WHAT THIS TASK INVOLVES - Set down all the data again. Change nothing.

LISTED RECORDS -
========================================================================

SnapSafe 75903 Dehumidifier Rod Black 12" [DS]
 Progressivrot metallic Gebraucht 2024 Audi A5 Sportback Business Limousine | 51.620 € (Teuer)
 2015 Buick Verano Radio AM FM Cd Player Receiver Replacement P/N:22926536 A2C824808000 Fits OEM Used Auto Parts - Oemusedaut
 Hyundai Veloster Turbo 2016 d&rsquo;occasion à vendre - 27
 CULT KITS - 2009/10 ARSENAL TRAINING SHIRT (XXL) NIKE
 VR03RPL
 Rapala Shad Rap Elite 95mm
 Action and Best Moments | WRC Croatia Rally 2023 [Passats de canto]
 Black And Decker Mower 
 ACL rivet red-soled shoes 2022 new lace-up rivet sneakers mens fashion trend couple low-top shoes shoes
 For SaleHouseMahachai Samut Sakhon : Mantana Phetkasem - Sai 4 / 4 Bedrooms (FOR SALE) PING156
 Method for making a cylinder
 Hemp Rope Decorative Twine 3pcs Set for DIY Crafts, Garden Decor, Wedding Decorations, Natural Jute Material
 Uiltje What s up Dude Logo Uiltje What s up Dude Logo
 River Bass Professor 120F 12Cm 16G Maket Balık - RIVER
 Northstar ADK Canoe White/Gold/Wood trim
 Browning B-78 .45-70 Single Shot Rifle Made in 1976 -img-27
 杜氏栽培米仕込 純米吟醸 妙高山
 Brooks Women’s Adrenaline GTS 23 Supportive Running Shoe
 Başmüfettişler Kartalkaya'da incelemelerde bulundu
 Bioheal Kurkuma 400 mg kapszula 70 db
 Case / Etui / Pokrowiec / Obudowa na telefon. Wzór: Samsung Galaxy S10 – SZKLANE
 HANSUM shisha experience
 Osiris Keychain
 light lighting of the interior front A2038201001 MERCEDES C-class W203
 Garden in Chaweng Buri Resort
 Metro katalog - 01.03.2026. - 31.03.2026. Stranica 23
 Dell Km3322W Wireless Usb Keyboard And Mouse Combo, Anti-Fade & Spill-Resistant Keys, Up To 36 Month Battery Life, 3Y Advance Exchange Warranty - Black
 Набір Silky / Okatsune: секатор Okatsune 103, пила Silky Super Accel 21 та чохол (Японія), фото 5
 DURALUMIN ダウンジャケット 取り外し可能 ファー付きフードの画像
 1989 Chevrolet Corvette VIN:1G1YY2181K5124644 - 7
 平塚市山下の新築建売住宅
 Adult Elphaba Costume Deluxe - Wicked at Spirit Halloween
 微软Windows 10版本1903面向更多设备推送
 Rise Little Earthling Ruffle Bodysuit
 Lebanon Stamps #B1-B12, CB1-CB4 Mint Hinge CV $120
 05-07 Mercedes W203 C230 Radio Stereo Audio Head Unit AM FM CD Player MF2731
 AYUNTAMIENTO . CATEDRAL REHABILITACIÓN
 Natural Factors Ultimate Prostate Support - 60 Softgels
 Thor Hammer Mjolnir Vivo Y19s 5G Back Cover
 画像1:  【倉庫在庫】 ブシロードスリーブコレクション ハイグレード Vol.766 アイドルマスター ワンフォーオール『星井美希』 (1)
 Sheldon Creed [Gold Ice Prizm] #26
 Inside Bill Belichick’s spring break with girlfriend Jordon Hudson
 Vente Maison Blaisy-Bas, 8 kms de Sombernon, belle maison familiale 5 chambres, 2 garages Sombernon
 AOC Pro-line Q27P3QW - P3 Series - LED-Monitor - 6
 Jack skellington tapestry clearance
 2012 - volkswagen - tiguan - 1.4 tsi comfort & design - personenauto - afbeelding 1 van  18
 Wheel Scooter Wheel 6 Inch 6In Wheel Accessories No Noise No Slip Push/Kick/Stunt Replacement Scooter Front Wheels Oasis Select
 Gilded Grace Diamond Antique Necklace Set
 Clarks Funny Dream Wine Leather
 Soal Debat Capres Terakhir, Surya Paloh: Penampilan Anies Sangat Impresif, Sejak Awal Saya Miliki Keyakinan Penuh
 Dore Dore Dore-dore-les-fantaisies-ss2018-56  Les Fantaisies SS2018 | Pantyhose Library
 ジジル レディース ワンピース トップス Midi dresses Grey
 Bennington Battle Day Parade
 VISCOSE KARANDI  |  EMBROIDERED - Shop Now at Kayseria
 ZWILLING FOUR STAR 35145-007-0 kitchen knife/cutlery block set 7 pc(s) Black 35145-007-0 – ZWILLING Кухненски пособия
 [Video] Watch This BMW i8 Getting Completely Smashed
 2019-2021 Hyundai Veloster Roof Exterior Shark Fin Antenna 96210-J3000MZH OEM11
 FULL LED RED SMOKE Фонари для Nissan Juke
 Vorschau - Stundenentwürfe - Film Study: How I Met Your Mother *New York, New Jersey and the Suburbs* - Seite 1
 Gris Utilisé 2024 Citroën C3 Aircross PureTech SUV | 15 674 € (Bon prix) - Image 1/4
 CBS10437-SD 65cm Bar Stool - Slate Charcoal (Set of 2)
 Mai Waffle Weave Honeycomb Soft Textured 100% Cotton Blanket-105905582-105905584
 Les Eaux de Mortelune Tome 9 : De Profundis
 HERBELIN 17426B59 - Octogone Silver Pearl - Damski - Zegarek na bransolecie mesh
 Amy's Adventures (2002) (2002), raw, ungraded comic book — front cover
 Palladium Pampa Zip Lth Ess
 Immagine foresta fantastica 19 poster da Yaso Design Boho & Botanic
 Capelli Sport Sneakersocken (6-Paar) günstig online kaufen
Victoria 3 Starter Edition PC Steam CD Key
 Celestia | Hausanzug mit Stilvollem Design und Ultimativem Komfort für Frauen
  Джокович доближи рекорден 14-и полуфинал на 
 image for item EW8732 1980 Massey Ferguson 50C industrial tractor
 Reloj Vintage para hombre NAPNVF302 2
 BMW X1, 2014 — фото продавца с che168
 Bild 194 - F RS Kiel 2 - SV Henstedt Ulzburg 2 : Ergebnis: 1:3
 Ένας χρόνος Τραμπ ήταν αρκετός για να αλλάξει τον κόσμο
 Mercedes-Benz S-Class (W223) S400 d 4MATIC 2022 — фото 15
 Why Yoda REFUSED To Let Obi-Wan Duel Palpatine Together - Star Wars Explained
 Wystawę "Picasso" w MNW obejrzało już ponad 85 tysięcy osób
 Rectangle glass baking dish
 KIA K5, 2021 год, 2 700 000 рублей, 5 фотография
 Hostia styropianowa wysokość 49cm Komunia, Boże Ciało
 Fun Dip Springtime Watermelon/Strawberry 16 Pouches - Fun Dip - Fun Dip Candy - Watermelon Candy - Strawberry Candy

========================================================================

EXERCISE OUTPUT -
SnapSafe 75903 Dehumidifier Rod Black 12" [DS]
 Progressivrot metallic Gebraucht 2024 Audi A5 Sportback Business Limousine | 51.620 € (Teuer)
 2015 Buick Verano Radio AM FM Cd Player Receiver Replacement P/N:22926536 A2C824808000 Fits OEM Used Auto Parts - Oemusedaut
 Hyundai Veloster Turbo 2016 d&rsquo;occasion à vendre - 27
 CULT KITS - 2009/10 ARSENAL TRAINING SHIRT (XXL) NIKE
 VR03RPL
 Rapala Shad Rap Elite 95mm
 Action and Best Moments | WRC Croatia Rally 2023 [Passats de canto]
 Black And Decker Mower 
 ACL rivet red-soled shoes 2022 new lace-up rivet sneakers mens fashion trend couple low-top shoes shoes
 For SaleHouseMahachai Samut Sakhon : Mantana Phetkasem - Sai 4 / 4 Bedrooms (FOR SALE) PING156
 Method for making a cylinder
 Hemp Rope Decorative Twine 3pcs Set for DIY Crafts, Garden Decor, Wedding Decorations, Natural Jute Material
 Uiltje What s up Dude Logo Uiltje What s up Dude Logo
 River Bass Professor 120F 12Cm 16G Maket Balık - RIVER
 Northstar ADK Canoe White/Gold/Wood trim
 Browning B-78 .45-70 Single Shot Rifle Made in 1976 -img-27
 杜氏栽培米仕込 純米吟醸 妙高山
 Brooks Women’s Adrenaline GTS 23 Supportive Running Shoe
 Başmüfettişler Kartalkaya'da incelemelerde bulundu
 Bioheal Kurkuma 400 mg kapszula 70 db
 Case / Etui / Pokrowiec / Obudowa na telefon. Wzór: Samsung Galaxy S10 – SZKLANE
 HANSUM shisha experience
 Osiris Keychain
 light lighting of the interior front A2038201001 MERCEDES C-class W203
 Garden in Chaweng Buri Resort
 Metro katalog - 01.03.2026. - 31.03.2026. Stranica 23
 Dell Km3322W Wireless Usb Keyboard And Mouse Combo, Anti-Fade & Spill-Resistant Keys, Up To 36 Month Battery Life, 3Y Advance Exchange Warranty - Black
 Набір Silky / Okatsune: секатор Okatsune 103, пила Silky Super Accel 21 та чохол (Японія), фото 5
 DURALUMIN ダウンジャケット 取り外し可能 ファー付きフードの画像
 1989 Chevrolet Corvette VIN:1G1YY2181K5124644 - 7
 平塚市山下の新築建売住宅
 Adult Elphaba Costume Deluxe - Wicked at Spirit Halloween
 微软Windows 10版本1903面向更多设备推送
 Rise Little Earthling Ruffle Bodysuit
 Lebanon Stamps #B1-B12, CB1-CB4 Mint Hinge CV $120
 05-07 Mercedes W203 C230 Radio Stereo Audio Head Unit AM FM CD Player MF2731
 AYUNTAMIENTO . CATEDRAL REHABILITACIÓN
 Natural Factors Ultimate Prostate Support - 60 Softgels
 Thor Hammer Mjolnir Vivo Y19s 5G Back Cover
 画像1:  【倉庫在庫】 ブシロードスリーブコレクション ハイグレード Vol.766 アイドルマスター ワンフォーオール『星井美希』 (1)
 Sheldon Creed [Gold Ice Prizm] #26
 Inside Bill Belichick’s spring break with girlfriend Jordon Hudson
 Vente Maison Blaisy-Bas, 8 kms de Sombernon, belle maison familiale 5 chambres, 2 garages Sombernon
 AOC Pro-line Q27P3QW - P3 Series - LED-Monitor - 6
 Jack skellington tapestry clearance
 2012 - volkswagen - tiguan - 1.4 tsi comfort & design - personenauto - afbeelding 1 van  18
 Wheel Scooter Wheel 6 Inch 6In Wheel Accessories No Noise No Slip Push/Kick/Stunt Replacement Scooter Front Wheels Oasis Select
 Gilded Grace Diamond Antique Necklace Set
 Clarks Funny Dream Wine Leather
 Soal Debat Capres Terakhir, Surya Paloh: Penampilan Anies Sangat Impresif, Sejak Awal Saya Miliki Keyakinan Penuh
 Dore Dore Dore-dore-les-fantaisies-ss2018-56  Les Fantaisies SS2018 | Pantyhose Library
 ジジル レディース ワンピース トップス Midi dresses Grey
 Bennington Battle Day Parade
 VISCOSE KARANDI  |  EMBROIDERED - Shop Now at Kayseria
 ZWILLING FOUR STAR 35145-007-0 kitchen knife/cutlery block set 7 pc(s) Black 35145-007-0 – ZWILLING Кухненски пособия
 [Video] Watch This BMW i8 Getting Completely Smashed
 2019-2021 Hyundai Veloster Roof Exterior Shark Fin Antenna 96210-J3000MZH OEM11
 FULL LED RED SMOKE Фонари для Nissan Juke
 Vorschau - Stundenentwürfe - Film Study: How I Met Your Mother *New York, New Jersey and the Suburbs* - Seite 1
 Gris Utilisé 2024 Citroën C3 Aircross PureTech SUV | 15 674 € (Bon prix) - Image 1/4
 CBS10437-SD 65cm Bar Stool - Slate Charcoal (Set of 2)
 Mai Waffle Weave Honeycomb Soft Textured 100% Cotton Blanket-105905582-105905584
 Les Eaux de Mortelune Tome 9 : De Profundis
 HERBELIN 17426B59 - Octogone Silver Pearl - Damski - Zegarek na bransolecie mesh
 Amy's Adventures (2002) (2002), raw, ungraded comic book — front cover
 Palladium Pampa Zip Lth Ess
 Immagine foresta fantastica 19 poster da Yaso Design Boho & Botanic
 Capelli Sport Sneakersocken (6-Paar) günstig online kaufen
Victoria 3 Starter Edition PC Steam CD Key
 Celestia | Hausanzug mit Stilvollem Design und Ultimativem Komfort für Frauen
  Джокович доближи рекорден 14-и полуфинал на 
 image for item EW8732 1980 Massey Ferguson 50C industrial tractor
 Reloj Vintage para hombre NAPNVF302 2
 BMW X1, 2014 — фото продавца с che168
 Bild 194 - F RS Kiel 2 - SV Henstedt Ulzburg 2 : Ergebnis: 1:3
 Ένας χρόνος Τραμπ ήταν αρκετός για να αλλάξει τον κόσμο
 Mercedes-Benz S-Class (W223) S400 d 4MATIC 2022 — фото 15
 Why Yoda REFUSED To Let Obi-Wan Duel Palpatine Together - Star Wars Explained
 Wystawę "Picasso" w MNW obejrzało już ponad 85 tysięcy osób
 Rectangle glass baking dish
 KIA K5, 2021 год, 2 700 000 рублей, 5 фотография
 Hostia styropianowa wysokość 49cm Komunia, Boże Ciało
 Fun Dip Springtime Watermelon/Strawberry 16 Pouches - Fun Dip - Fun Dip Candy - Watermelon Candy - Strawberry Candy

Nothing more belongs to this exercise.